[Items from a data source]
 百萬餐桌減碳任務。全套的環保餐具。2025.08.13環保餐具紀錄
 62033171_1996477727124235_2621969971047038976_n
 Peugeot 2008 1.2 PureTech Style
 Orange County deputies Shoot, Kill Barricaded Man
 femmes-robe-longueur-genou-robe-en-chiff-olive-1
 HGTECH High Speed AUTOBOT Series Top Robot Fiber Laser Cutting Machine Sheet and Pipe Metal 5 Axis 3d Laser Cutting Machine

Task item
Return exactly the lines from the line bearing "62033171_1996477727124235_2621969971047038976_n" to the end of the records, inclusive of both; include no other lines.

Exercise answer
 62033171_1996477727124235_2621969971047038976_n
 Peugeot 2008 1.2 PureTech Style
 Orange County deputies Shoot, Kill Barricaded Man
 femmes-robe-longueur-genou-robe-en-chiff-olive-1
 HGTECH High Speed AUTOBOT Series Top Robot Fiber Laser Cutting Machine Sheet and Pipe Metal 5 Axis 3d Laser Cutting Machine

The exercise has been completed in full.